The Arts Research Monitor, created by Hill Strategies Research in 2002, provides synopses of qualitative and quantitative research findings in the arts and culture. The Monitor should be useful to artists, arts managers, funders, policy makers, researchers and others with an interest in learning more about the arts and culture. The Arts Research Monitor is funded by the Canada Council for the Arts and the Ontario Arts Council.
This series of brief web articles aims to depict “the socio-economic conditions faced by Canadian resident professional visual artists” in 2012, with specific articles on ethnicity, sex, and gallery representation. The survey found that nearly one-half of Canadian visual artists lost money on their artistic practice in 2012 (47%). The average personal income of visual artists was $29,300, the largest portions of which came from art-related employment (average of $19,200) and non-art-related employment (average of $5,700). After adjusting for inflation, the overall average income in 2012 was 6% higher than the 2007 level ($27,600).

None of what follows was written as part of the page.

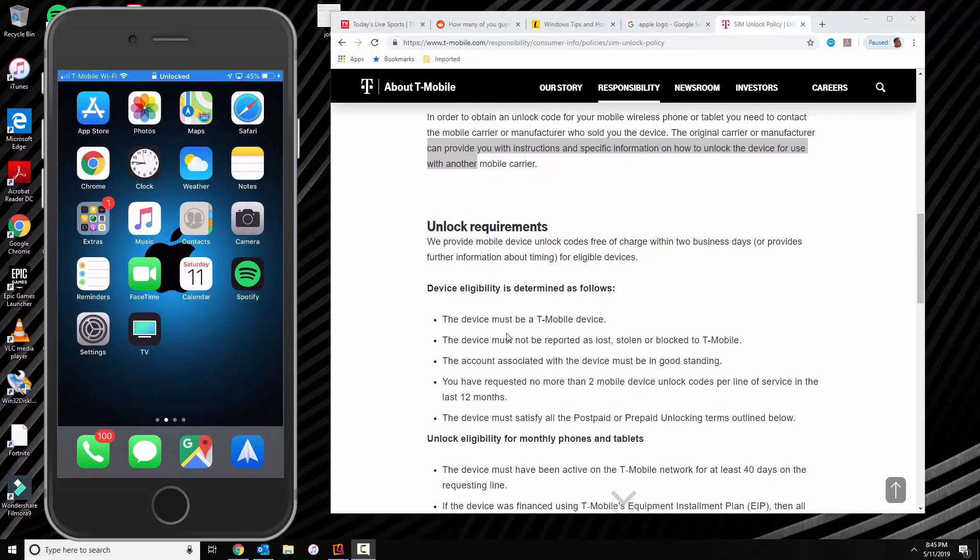Hey this is Manifresh and today I'm going to show you guys how to unlock any iPhone with your T-Mobile Carrier.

This brief report examines the situation of the estimated 3,632 visual artists in Quebec. The report estimates that 60% of Quebec visual artists are women and only 12% are under 35 years of age (compared with 37% of the overall Quebec labour force). The average personal income (from all sources) of all Quebec visual artists is $35,400. The average is much lower for women ($27,600) than men ($40,900). Fifty-seven percent of Quebec visual artists have total individual incomes below $30,000, with a higher percentage among women (64%) and artists under 35 (66%).
These two reports from Hill Strategies examine the situation of artists and cultural workers in Canadian provinces, territories, and municipalities. This summary provides brief highlights of the data on artists and cultural workers organized by province and territory.
This report examines the situation of artists and cultural workers in Canada. In Canada, there are 136,600 people who work as artists more than at any other occupation, a figure that is “slightly larger than the labour force in automotive manufacturing (133,000)”. As noted in the national report, “one in every 129 Canadian workers is an artist”.
Commissioned by the Visual Arts Alliance with a financial contribution from the Canada Council for the Arts, this literature review attempts to provide a synthesis of existing research in the visual arts in Canada and to identify gaps in this research. The report notes that the goal was not to outline the state of the visual arts sector in Canada but rather the state of research into the visual arts in the country.